While visiting a small farm in Lancashire, he tasted a blue cheese that he loved, and worked out a deal to give his inn the rights to distribute it. He promoted and sold the cheese at the Inn, and travellers from both the north and the south raved about it. He also sold it in the market at Melton Mowbray. Even though the cheese wasn’t made in Stilton, it was still called that as that’s where the cheese was supplied from.
A woman named Frances Pawlett made the best Stilton, and organized others at setting standards for the cheese. Thornhill worked with Frances Pawlett and her husband to promote the cheese.
Production was halted during World War Two:
Production was halted during World War Two:
“The blue-veined cheeses — Stilton, Dorset Blue and Blue Wensleydale — are also in part mould-flavoured, but their manufacture is also prohibited during the war.” [2]How Butter and Cheese are Made. London, England: Illustrated Sporting and Dramatic News. Friday, 1 September 1944. Page 133, col. 1.

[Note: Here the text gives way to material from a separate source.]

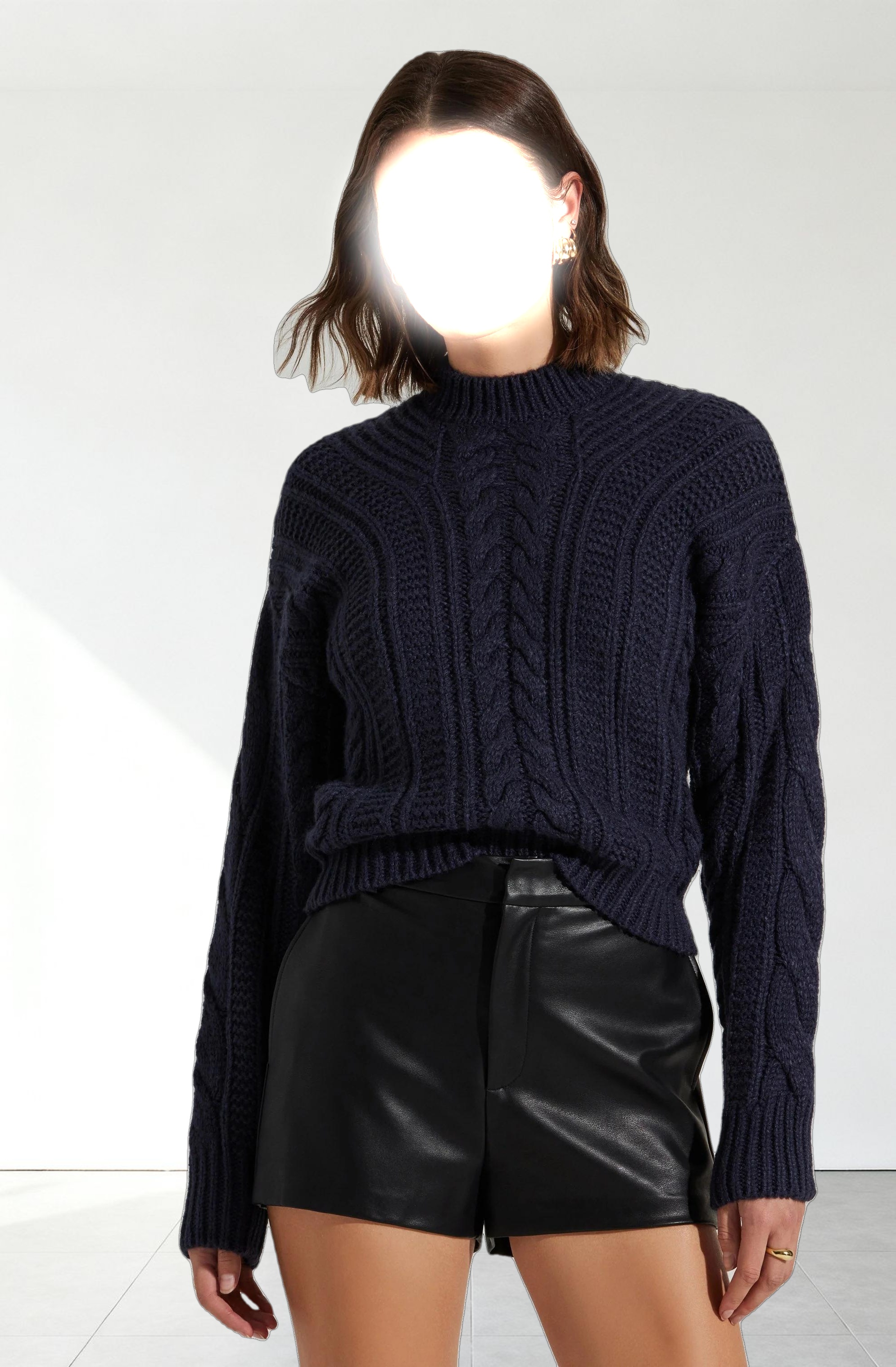Laverne Cable Knit Tie-Back Sweater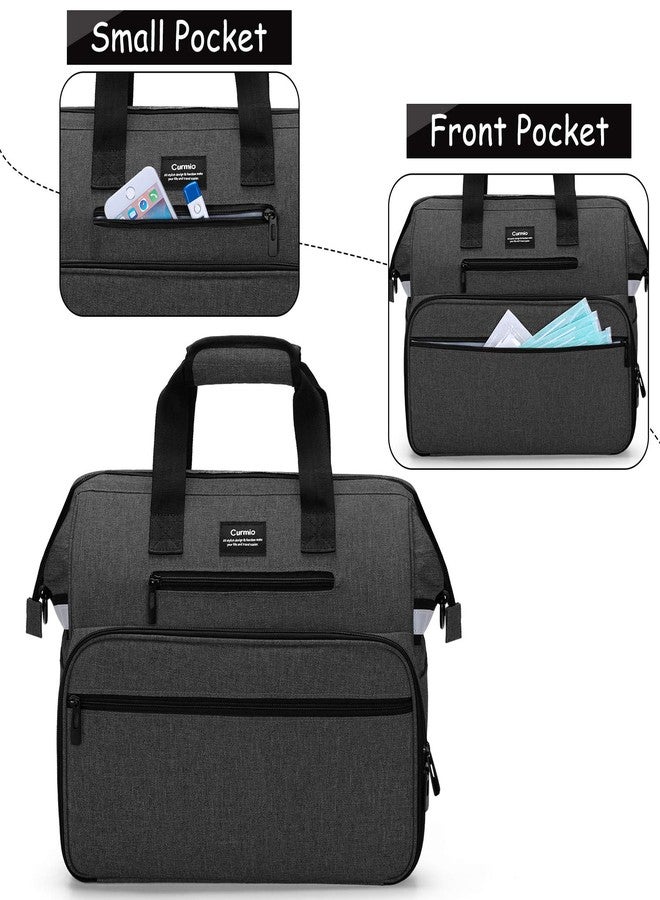 CURMIO Home Health Nurse Bag, Medical Supplies Bag with Padded Laptop Sleeve for Home Visits, Health Care, Hospice, Bag ONLY, Black (Patent Pending) - Image 3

Stilton was made from raw milk until 1989:
“Notoriously, in 1989, Stilton cheese effectively became extinct following a health scare. The Milk Marketing Board leaned on Colston Bassett, the farm cooperative that was the last producer of raw-milk Stilton, to buy expensive pasteurisation equipment. Worse, the Stilton Cheesemakers’ Association successfully lobbied to alter the definition so that “Stilton” had to be made from pasteurised milk. You may remember pre-pasteurised Stilton. It was fruitier, creamier, moistly unctuous and buttery, not crumbly in the middle. Now, such a cheese is once more being made – it just can’t be called “Stilton”. If you look for “Stichelton” online, or at the cheesemonger, you’ll be astonished.” — Levy, Paul. A bouquet of sweet hay and clover? It must be real milk. London: Daily Telegraph. 24 July 2014.
Literature & Lore
The first written reference to Stilton dates back to 1722 in William Stukeley’s “Itinerarium Curiosum”.
“There, too, another English returnee, the well-known St. Ivel’s English Stilton, double cream, blue-veined, semihard. Eight years since the last Stilton shipment.” — Paddleford, Clementine (1898 – 1967). Food Flashes Column. Gourmet Magazine. February 1949.
Sources
Jones, Jerene. Stilton Is the Blue Cheese of Blue Bloods. People Magazine. Vol 18, No 22. 29 November 1982.